Le sophisme ad hominem semble trouver sa meilleure expression dans les individus qui réagissent aux femmes journalistes. Il s'agit toujours de leur personne, de leur apparence, de leur vie personnelle et jamais de leur travail. Lorsque je reçois des messages tels que "vous devriez vous marier au lieu de venir ici pour présenter les nouvelles", "Vous ne mettrez jamais les pieds au Cameroun, parce que nous vous atteindrons", je réalise à quel point ma sécurité personnelle est menacée à cause de mon travail.

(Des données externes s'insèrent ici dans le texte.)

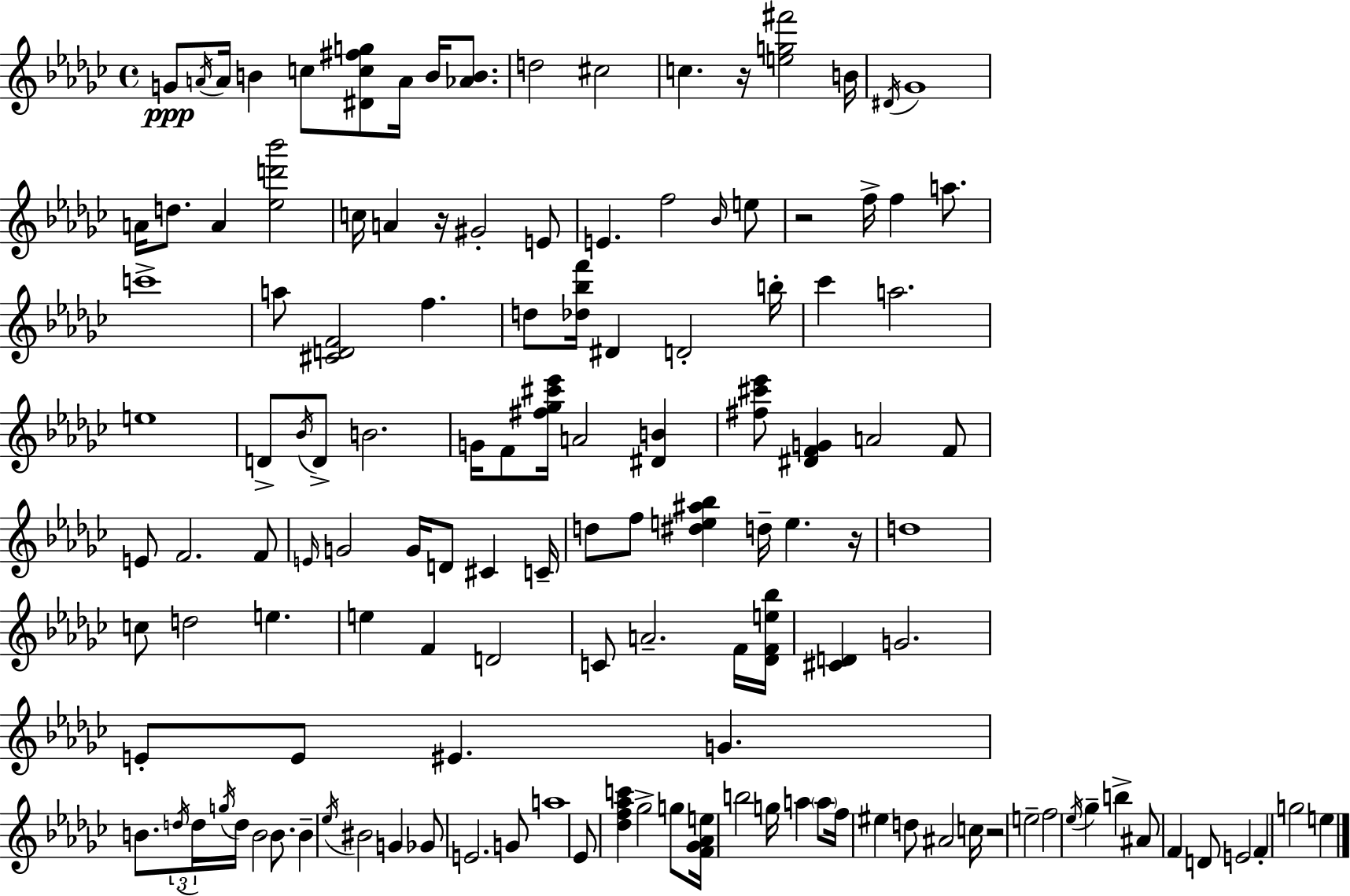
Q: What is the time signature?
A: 4/4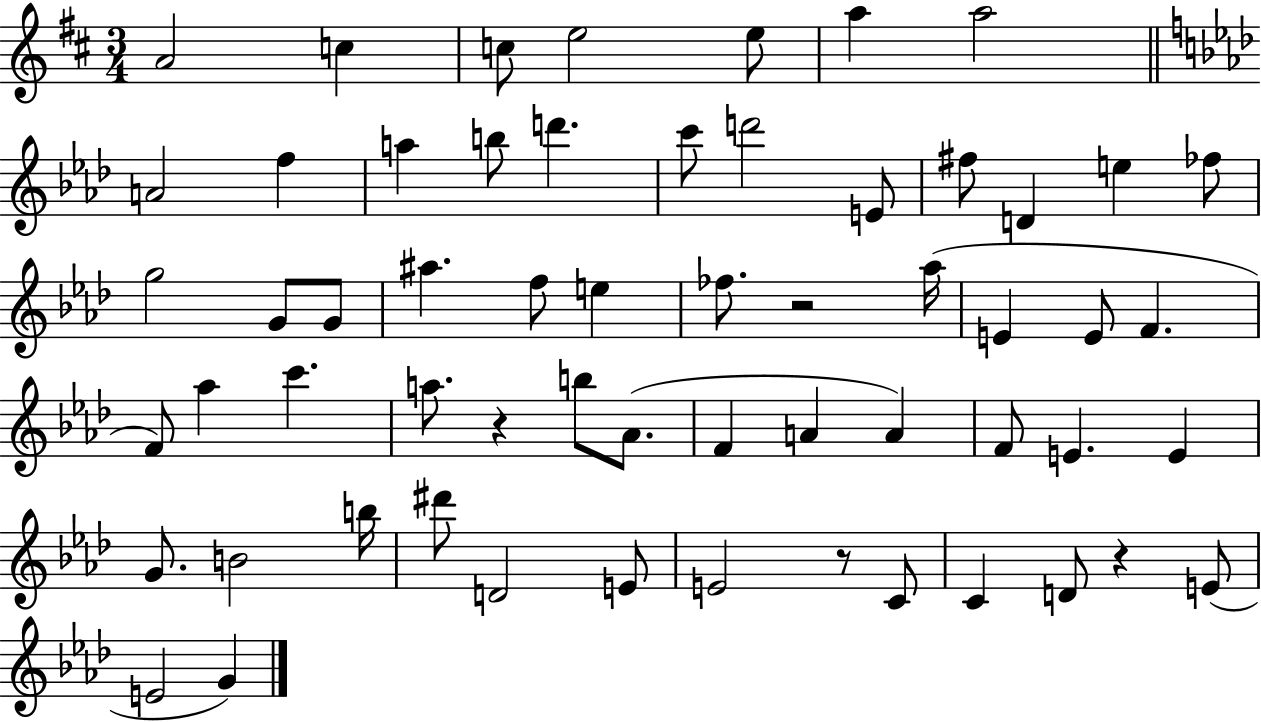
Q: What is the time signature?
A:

C'est probablement une fonction de la société dans laquelle nous sommes nés et où nous avons grandi. Par exemple, lorsque j'ai couvert des histoires dans des endroits comme Mbalangi où la population avait fui, ou Menka où des dizaines de personnes avaient été brutalement assassinées, la première réaction de la plupart des gens a été de se demander pourquoi un homme n'avait pas été envoyé pour une tâche aussi dangereuse.


Soit être un journaliste médiocre, soit prendre la balle

Paradoxalement, cela ne s'arrête pas au grand public, étant donné que le harcèlement et le sexisme sont également présents dans la salle de rédaction et semblent découler directement de cette perception cavalière des femmes qui a ses racines dans la famille. Il semble qu'il existe un code non écrit selon lequel les femmes journalistes qui enquêtent sur un sujet important ou qui cherchent à obtenir une grande interview doivent céder aux caprices des prédateurs sexuels qui rôdent dans les couloirs du pouvoir. Malheureusement, cela signifie que la plupart des femmes qui entrent dans le domaine du journalisme avec le grand rêve de briser le plafond de verre et de laisser leurs marques dans le paysage médiatique sont perpétuellement dans une situation de "catch-22".

Soit elles évitent d'assumer les grandes tâches et donc d'être harcelées, ce qui les rend médiocres, soit elles franchissent le pas mais conservent leur intégrité, ce qui les rend vulnérables à peu ou pas d'opportunités, condamnant même la plus brillante des femmes journalistes au royaume de la médiocrité. On ne compte plus les fois où l'on m'a traitée d'"impolie" ou d'"agressive", simplement parce que j'ai insisté sur le fait que le professionnalisme devait prévaloir dans mes rencontres.


Pas de cachette pour les femmes journalistes

La prévalence de la discrimination sexuelle sur le lieu de travail signifie que les femmes journalistes n'ont effectivement pas de cachette. Lorsque même des collègues masculins supposent que leurs homologues féminines ont obtenu un article parce qu'elles sont une femme ou leur demandent carrément d'utiliser le "pouvoir des femmes" pour les aider, le problème devient insurmontable pour la journaliste.

Il est déjà assez difficile qu'en tant que femmes, les femmes journalistes fassent partie de celles qui sont condamnées à subir des violences physiques ou sexuelles, mais il est beaucoup plus difficile que dans une profession qui consiste à demander des comptes, nous luttions encore pour trouver un endroit sûr où faire entendre notre voix et raconter les histoires qui comptent dans la vie de tant de personnes.